Located in southwest England in the county of Devon, Dartmoor is a British National Park that’s known for its rocky landscape, its rolling vistas, its forests and rivers, and the wildlife that call it home. It’s the perfect place for hiking, camping, and other activities, but it’s also great for sightseeing and even for getting to know the history of the county and the country.
1. Go for a walk
You could walk around Dartmoor every weekend without ever retracing your steps thanks to the huge number of hiking routes in the area and the fact that it’s 368 square miles, making it bigger than New York City. Just make sure that you’re wearing appropriate clothing and that you take a mobile phone and plenty of water.

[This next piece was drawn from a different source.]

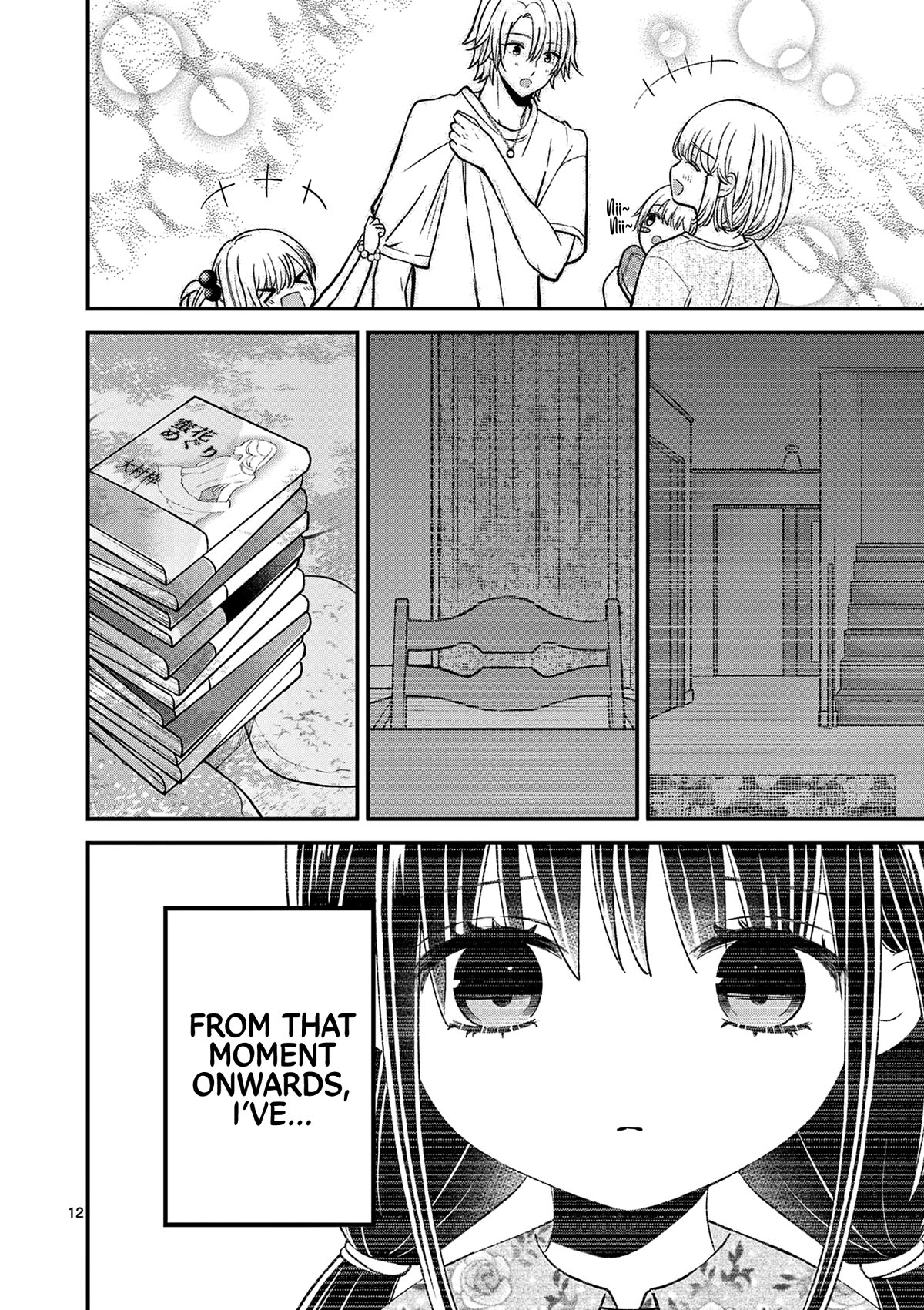 Tsurenai Kanojo no Hitorijime chapter 31 page 13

2. Take a ride on the South Devon Railway
Running between Buckfastleigh and Totnes, the South Devon Railway is a seven-mile steam train ride. As a general rule, it’s best to ride from Totnes to Buckfastleigh and to spend the day there, enjoying the sites and cafes. It’s also only a mile or so away from Buckfast Abbey, a working monastery that’s known for the tonic wine its monks produce.
3. Check out Canonteign Falls
Canonteign Falls is the tallest man-made waterfall in the country, surrounded by parks and countryside and located in the scenic Teign Valley. This is definitely not one to miss if you’re attracted to Dartmoor because of its outstanding natural beauty, and while it is a pretty big waterfall for the UK, it’s tiny compared to some of the world’s biggest. It just goes to show that waterfalls don’t have to be big to be beautiful.

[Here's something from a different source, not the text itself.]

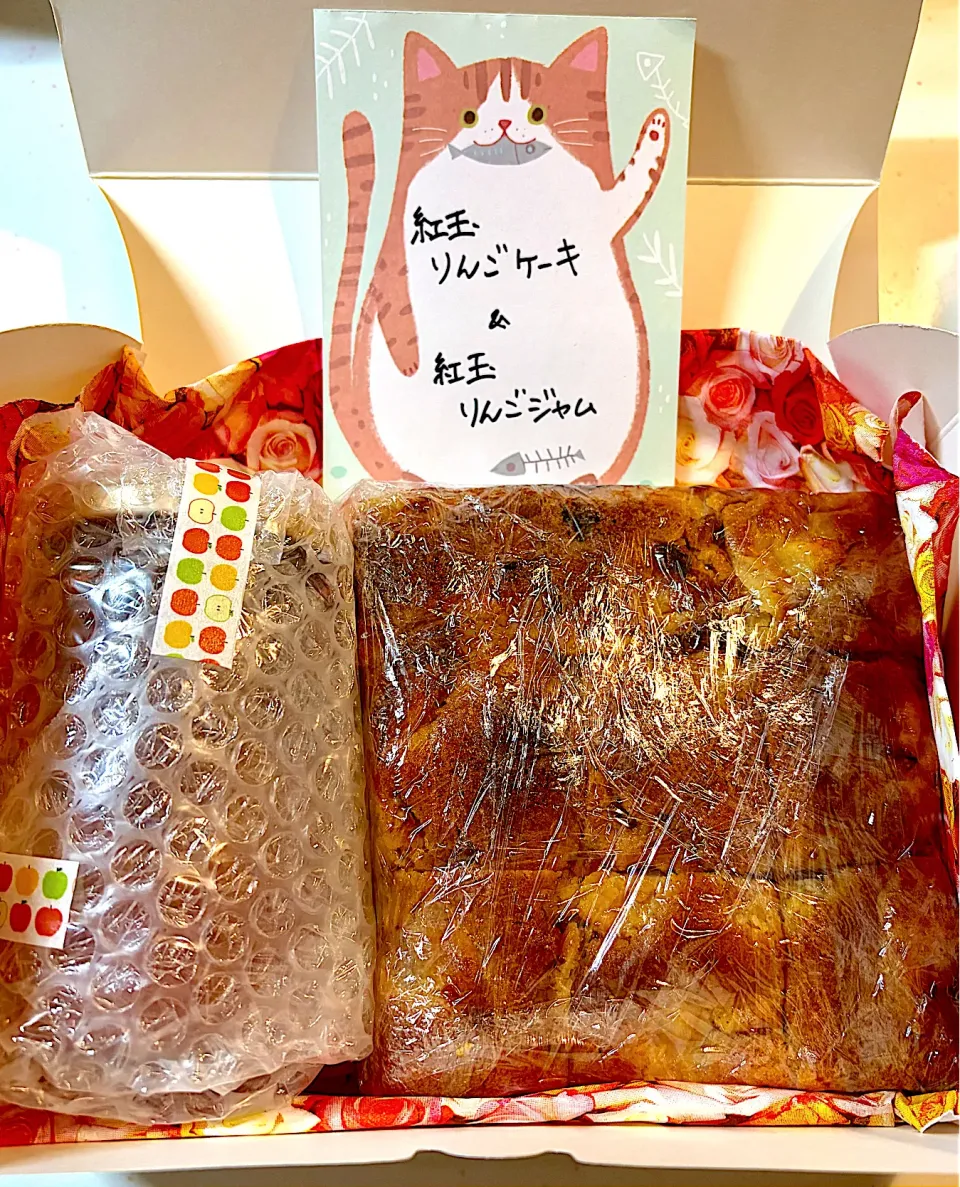 紅玉りんごジャム&ケーキ|o-kazuさん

4. Visit London, the capital
One of the good things about visiting the United Kingdom is that everything’s reasonably close together, and you can get from one side of the country to another in just a few hours. That means you can get to London and back in a day and still have plenty of time to see sights, so the real question becomes which attractions you want to prioritise.
5. Take a cruise
Because Dartmoor is close to England’s south west coast, it’s easy to pay a visit to the seaside or even to take an Iceland cruise from nearby Plymouth. You can even cruise to England, spend a week or so in Dartmoor and the surrounding areas and then cruise away again. If you’re going to Dartmoor for an outdoor adventure, it makes sense to make that adventure last as long as possible.

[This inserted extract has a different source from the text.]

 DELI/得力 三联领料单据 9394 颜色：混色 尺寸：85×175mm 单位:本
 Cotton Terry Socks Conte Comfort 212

Now that you know how to have an outdoor adventure on Dartmoor and the surrounding areas, the next step is for you to start planning your visit. The good news is that there are plenty of options when it comes to where you stay and which attractions you visit, and the ideas that we’ve suggested here are just a few ideas to get you started. Feel free to build on them and to create a custom itinerary of your own. Happy travels!